Top of Data provided

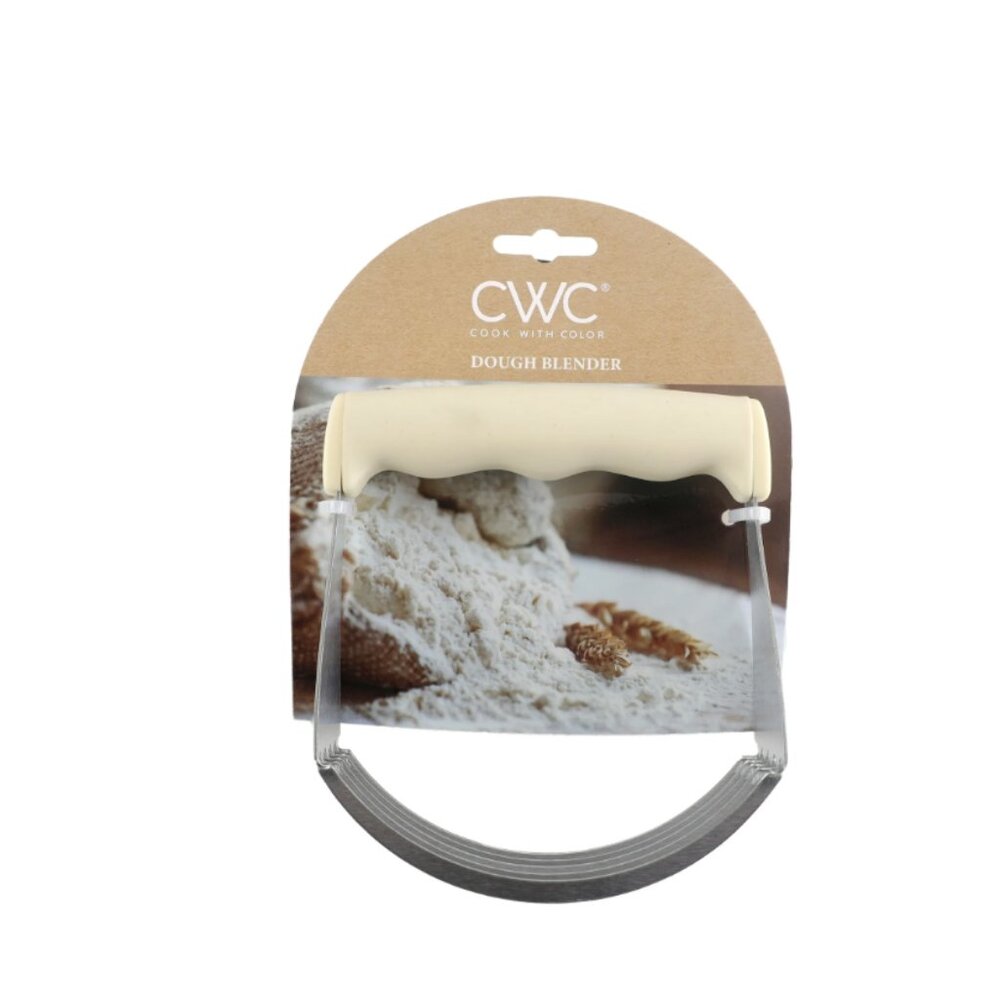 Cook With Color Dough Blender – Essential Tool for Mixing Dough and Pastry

Bottom of Data provided
Top of Data provided

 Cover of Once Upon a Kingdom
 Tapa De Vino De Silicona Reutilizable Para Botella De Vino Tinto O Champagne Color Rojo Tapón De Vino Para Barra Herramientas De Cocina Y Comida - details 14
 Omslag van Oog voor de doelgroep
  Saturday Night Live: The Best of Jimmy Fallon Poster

Bottom of Data provided

Beginning at the line above with "Cover of Once Upon a Kingdom" and finishing at the line with "Saturday Night Live: The", return each line exactly and return nothing else.

**Result**
 Cover of Once Upon a Kingdom
 Tapa De Vino De Silicona Reutilizable Para Botella De Vino Tinto O Champagne Color Rojo Tapón De Vino Para Barra Herramientas De Cocina Y Comida - details 14
 Omslag van Oog voor de doelgroep
  Saturday Night Live: The Best of Jimmy Fallon Poster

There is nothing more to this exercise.